The index lost 2.6 percent last week to a two-year low after Beijing devalued its currency, buffeting global financial markets and fanning concerns about China’s economy.
The yuan fell more than 4 percent at one point, pulling down riskier assets such as emerging currencies globally amid fears the devaluation would spark a global currency way, but the financial markets began stabilising towards the end of last week as China slowed the pace of the currency’s depreciation.
Australian shares rose 0.4 percent and South Korea’s Kospi dipped 0.1 percent. Japan’s Nikkei rose 0.6 percent after shedding 1 percent last week.
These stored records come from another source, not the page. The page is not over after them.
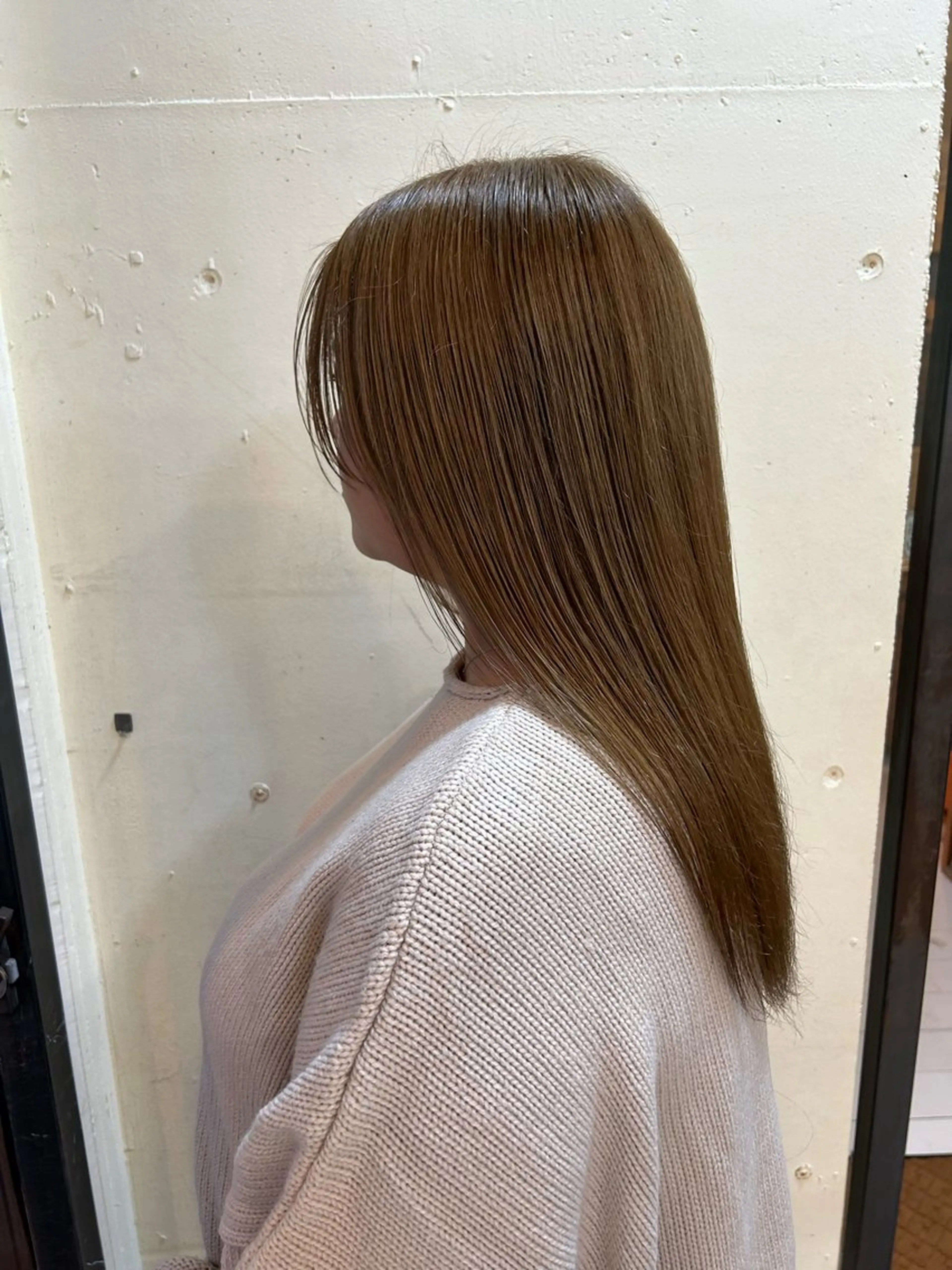 セミロング ヘアカラー 縮毛矯正 高津 千慧のヘアスタイル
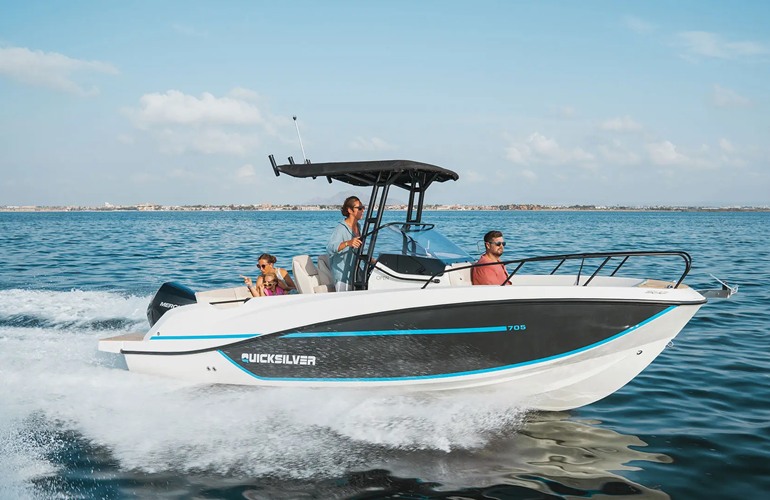 Quicksilver-Activ-705-Open-11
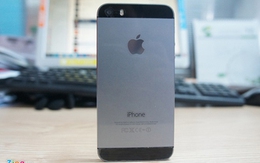 iPhone 5S bản khóa mạng giá 12 triệu hút khách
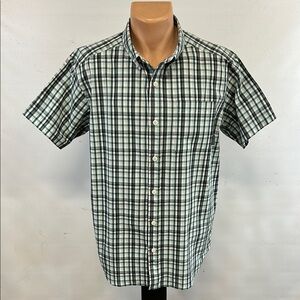 Columbia short sleeve button down collar shirt.  L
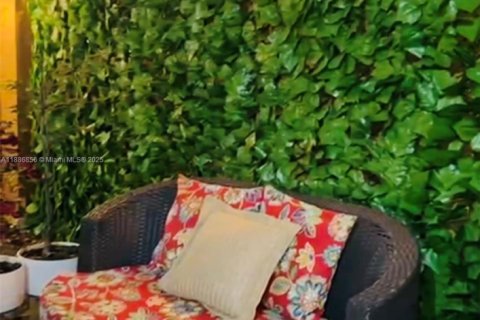 Снять в аренду таунхаус в Дорал, Флорида 3 спальни, 125.42м2, № 1941919 - фото 17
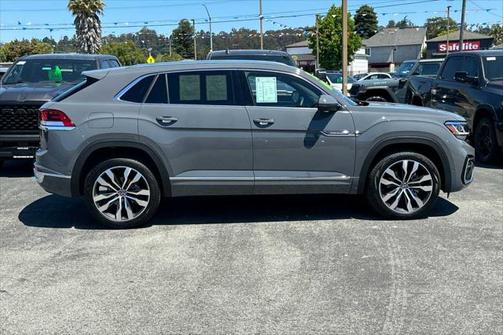 2023 Volkswagen Atlas Cross Sport 3.6L V6 SEL Premium R-Line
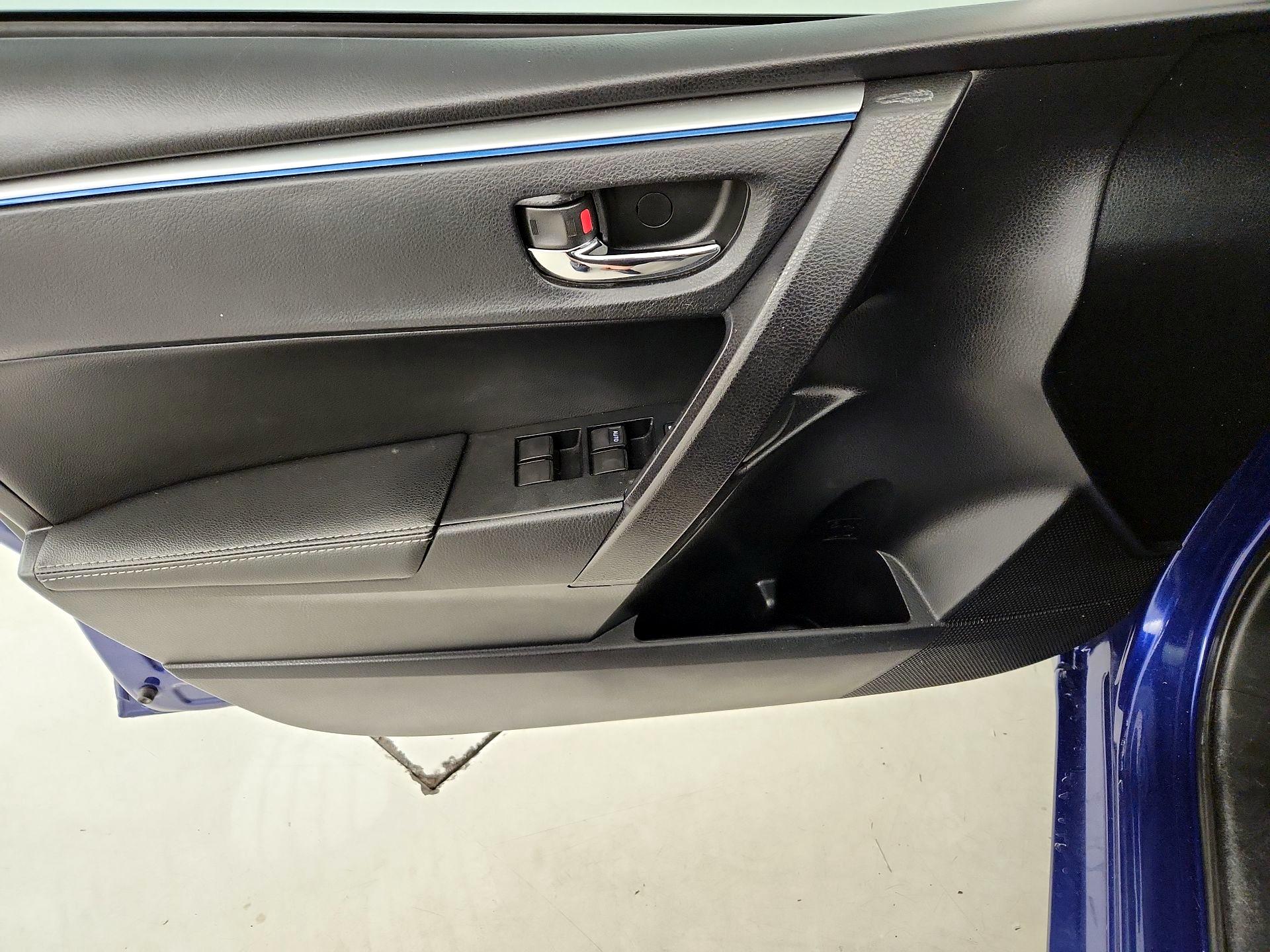 Thumbnail: 2015 Toyota Corolla - 12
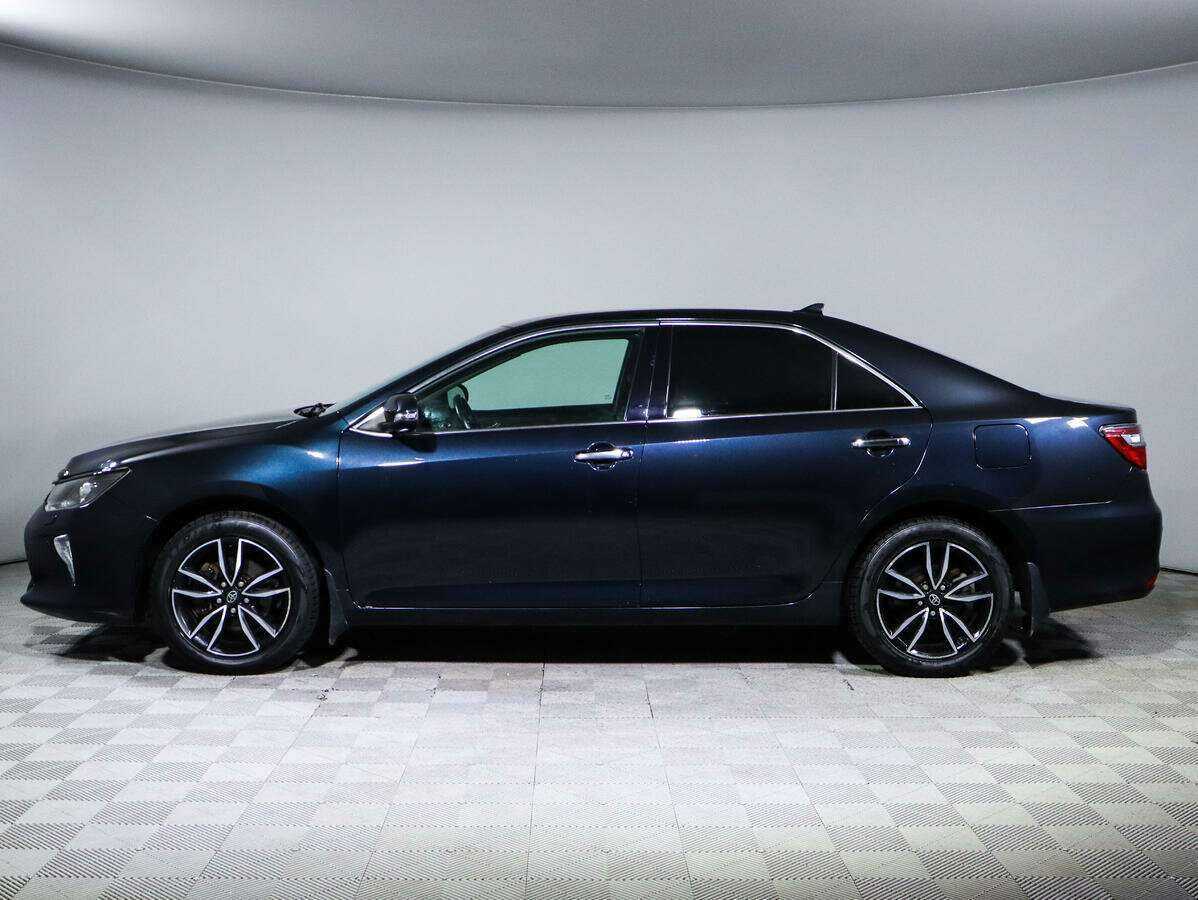 Toyota Camry с пробегом — 2017 год. Фото: #7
“As concerns over the Chinese yuan continue to ebb, and with the prospect of further rises in the dollar in the lead up to the Fed’s (September) meeting, the Nikkei may well recover last week’s losses this week,” wrote Angus Nicholson, market analyst at IG in Melbourne.
The dollar was steady at 124.34 yen.
The yen was unfazed by Monday’s data showing Japan’s economy shrank in the second quarter. Though a contraction was expected, concerns that the third quarter may see only mild improvement could rekindle expectations of further monetary easing by the Bank of Japan.
The euro slipped 0.2 percent to $1.1092, handing back some of the big gains made last week when the initial shock of yuan’s devaluation pushed the dollar lower.
The greenback received a lift at the end of last week from encouraging data on U.S. producer prices and industrial output that helped support the case for the Federal Reserve hiking interest rates when they meet in September.
Suggesting that global financial market interest had moved away from Greece and on to other matters like China’s bid to weaken its currency, the euro drew little support even after the European Commission confirmed a deal to lend cash-strapped Athens up to 86 billion euros over three years following talks in Brussels.
The Australian dollar, often used as a liquid proxy of China-related trades, was little changed at $0.7369.
The Aussie sank to a six-year low of $0.7217 earlier last week after China’s depreciation but recovered ground as Beijing stepped in to arrest the yuan’s decline.
While China’s central bank says there is no reason for further weakening in the yuan, many traders suspect sluggish economic data and expectation of further policy easing will leave the currency under downward pressure.
Crude oil, another market roiled last week by China’s shock move and its potential impact on demand for commodities, continued to struggle in the wake of global oversupply concerns.
U.S. crude was down 1 percent at $42.07 a barrel, within reach of a six-year trough of $41.35 struck on Friday.